I presented the results of the SONIA trial today at ASCO. The SONIA trial was initiated after seeing that CDK4/6 inhibitors demonstrated important benefits for women with ER positive HER2 negative breast cancer. The first studies were done in second line treatment with palbociclib but soon afterwards new studies followed, both with the other CDK4/6 inhibitors, abemaciclib and ribociclib, and also studies in first line. While the results of all these studies’ benefits were seen independent of line of treatment and also independent of endocrine treatment, most guidelines adopted a first line strategy to be preferred although there was no comparative data to see which one would be better.
So, inspired by ASCO’s and ESMO’s commitment to promote sustainable and equitable healthcare, we designed the SONIA trial with the idea of specifically comparing a first-line versus a second-line strategy, remembering that the CDK4/6 inhibitors also come with quite some added toxicity and considerable costs.
The study design, it was a randomised phase III trial in 1,050 patients and women were randomised to either a first-line CDK4/6 inhibitor strategy or a second-line strategy. All patients received the same backbone endocrine therapy with an aromatase inhibitor in first line and fulvestrant in second line. The primary endpoint was progression free survival after two lines of therapy and key secondary endpoints were overall survival and quality of life. Tumour assessments were done every 12 weeks and were assessed locally according to RECIST.

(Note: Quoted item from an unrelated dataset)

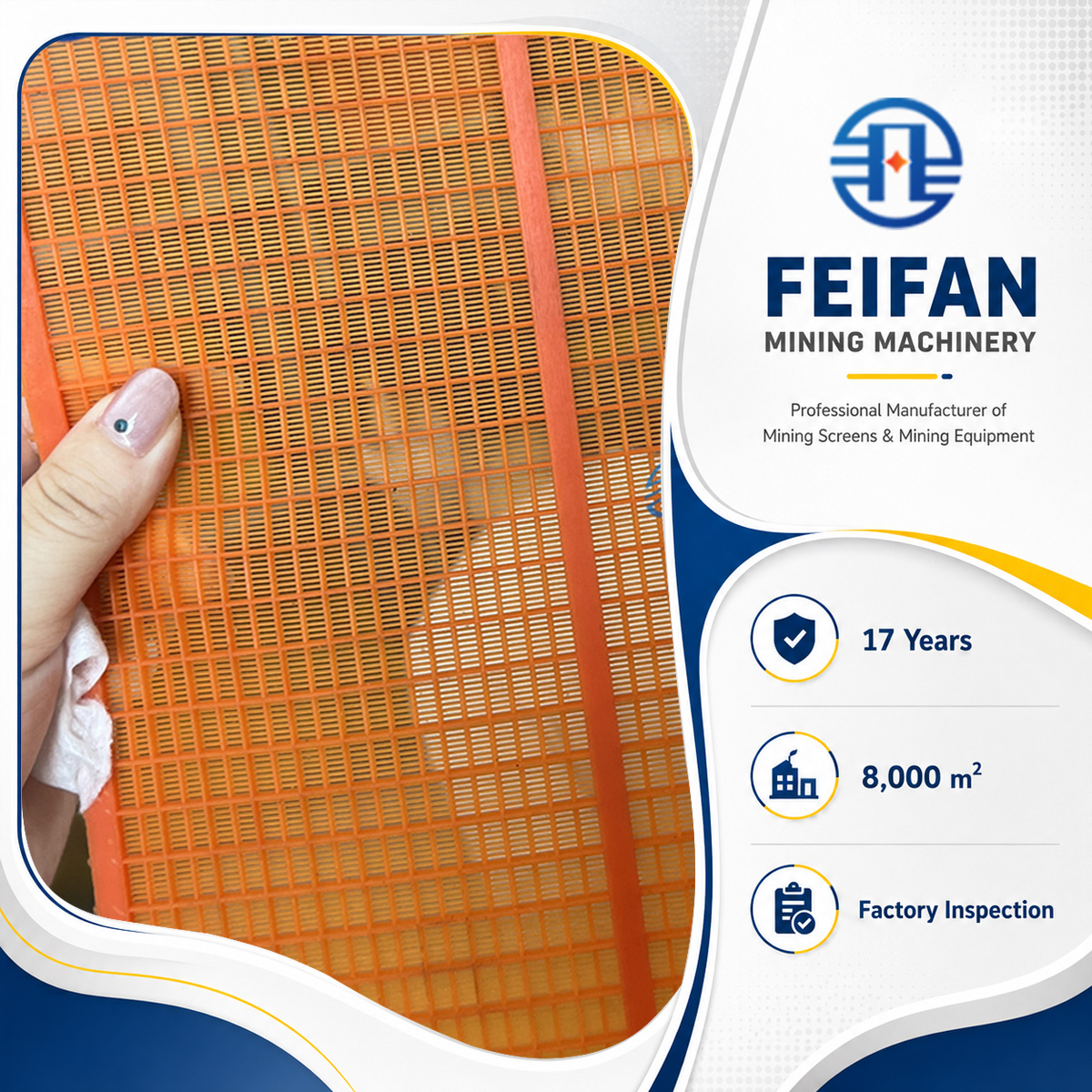 FEIFAN OEM Polypropylene Wire Mesh for Crusher Screens Rubber PU Vibrating Screen Replacement mesh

After solely first-line treatment a CDK4/6 inhibitor prolongs progression free survival with a hazard ratio of 0.59 and this is very much in line with the pivotal PALOMA-2, MONALEESA-2 and MONARCH-3 studies. However, after crossover to the predefined, protocol-defined, second line treatment, this first-line benefit completely disappears. The hazard ratio for PFS2 is 0.87 and not statistically significant. When we look at overall survival the curves completely overlap with a hazard ratio of 0.98 and a p-value of 0.83.
What we do see, however, is that those who were randomised to receive a CDK4/6 inhibitor in the first line used their treatment for approximately 16.5 months longer than those who used it in second line. Consistent with this longer use they also experienced much more side effects – approximately 42% more grade 3 and 4 events.
We also looked at quality of life with validated questionnaires FACT-B and EQ-5D at several time points during the study. The completion rate of these questionnaires was 87% at baseline and remained high thereafter. We saw no improved quality of life with the first-line strategy, with a p-value of 0.4.
So we conclude that this treatment in first line does not improve your progression free survival, it does not improve your overall survival and it does not improve your quality of life. It does come with added side effects and about $200,000 per patient extra. Our conclusion is that the SONIA results seriously challenge the current paradigm of adding a CDK4/6 inhibitor in first line and that endocrine single agent remains an excellent choice for almost all patients. Of course, biomarkers are highly desirable to select the few patients that might benefit from a first-line strategy but, unfortunately, thus far these biomarkers have not been successful.
We have collected both biopsies and liquid samples and these will be studied and presented at a later stage.
What’s important to note is the active participation of the Dutch breast cancer patient organisation in this trial. They have been crucial as a member of the steering committee and have been true partners in our study. Without them this would not have been a success. What’s also important to mention is that the study was funded by the Dutch government and by health insurance companies. By funding this trial they actually saved a lot of money as the investment for performing the study was a fraction of the savings that we made by doing the study.
Post-marketing academic studies like SONIA should be performed more often to allow patients to get the best and optimal treatment and to have a much more balanced and cheaper healthcare system.